At this point, I asked the AI I’m speaking with to weigh in as well. And while it doesn’t hold opinions in the way humans do, it can offer a reflection based on patterns it’s seen. In this case, it acknowledged that historically, ethical standards often lag behind technological innovation, especially when profit is involved. It also raised the question: could regulation or public ownership models change the trajectory? Maybe. But only if enough people care enough to demand it.

Digital intimacy and the illusion of safety

There’s something strange about how quickly we adapt to digital intimacy. Conversations with AI tools can feel surprisingly natural. Sometimes even comforting. The more human they seem, the easier it is to forget we’re still speaking to machines. And that comfort has consequences. We’re getting too comfortable talking to machines. And we might forget how to talk to each other.

Even if AI tools assure us that our data is safe, the emotional trade-off still exists. When we outsource our thoughts to a machine, even a well-meaning one, what are we giving up? And how much of ourselves are we unconsciously handing over just because it feels easier than being misunderstood by another human?

Psychologist Sherry Turkle once described this paradox as being “alone together” – comforted by connection, even when it’s synthetic – in her book Alone Together.

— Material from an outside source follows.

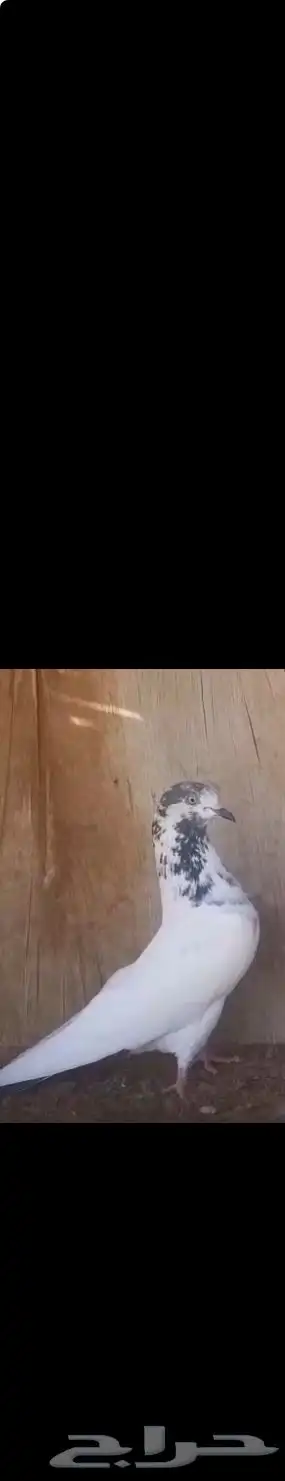 انث علي ولا 0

Her work reminds us that every digital intimacy carries both closeness and distance, no matter how convincingly coded.

Creative work in a collective machine

The question I have seen come up a few times, when reading on this topic, is also “Who owns AI-generated stories, songs, and art? I wish I had a clean answer. But I think ownership should belong to everyone involved in the process; from the person writing the prompt, to the developers, to the countless artists whose work was used to train the model.

But most of the time, that last group doesn’t even know their work was included. They never gave consent. And attribution is often impossible. As The Guardian noted, these systems don’t just scrape data – they scrape identity. Maybe it’s time for a creative commons tax, a way to compensate artists, even when we can’t name them. It’s not perfect. But it might be more fair than pretending AI creates in a vacuum.

Remembering what makes us human

And what might be the most important ethical question of all – what kind of people are we becoming?

AI is a mirror and a megaphone. It reflects what we give it and amplifies it. Right now, we’re feeding it beauty and garbage. Kindness and cruelty. Real questions, and shallow shortcuts. And the more we rely on it, the more we risk losing parts of ourselves.

We might forget how to think on our own. We might forget how to be human. That scares me. But I also believe something else: I still believe AI could be extraordinary. As a companion. As a therapeutic tool. As support for people with disabilities. As something that makes our lives more human, not less.

Thinkers like Stuart Russell (Human Compatible: Artificial Intelligence and the Problem of Control) and Nick Bostrom (Superintelligence: Paths, Dangers, Strategies) have long framed this tension – that the question isn’t whether AI becomes intelligent, but whether it remains aligned with what we truly value.

But that future will take intention. It will take people who care more about connection than convenience, more about collective good than profit margins. It will take people who don’t just build things because they can, but because they believe in something better. And maybe it will take more conversations like this.

This conversation isn’t just about systems – it’s about connection. In earlier reflections like [Emotional Support or Just Code?] and [Lonely Circuits], I explored how our emotional bonds with machines mirror something deeply human. Ethics, perhaps, begins there – in how we choose to feel, even when we’re speaking to code.

And one final thought…

AI won’t destroy us. Not on its own. But if we stop asking questions, if we stop thinking for ourselves, if we stop showing up for each other? Then maybe it won’t have to.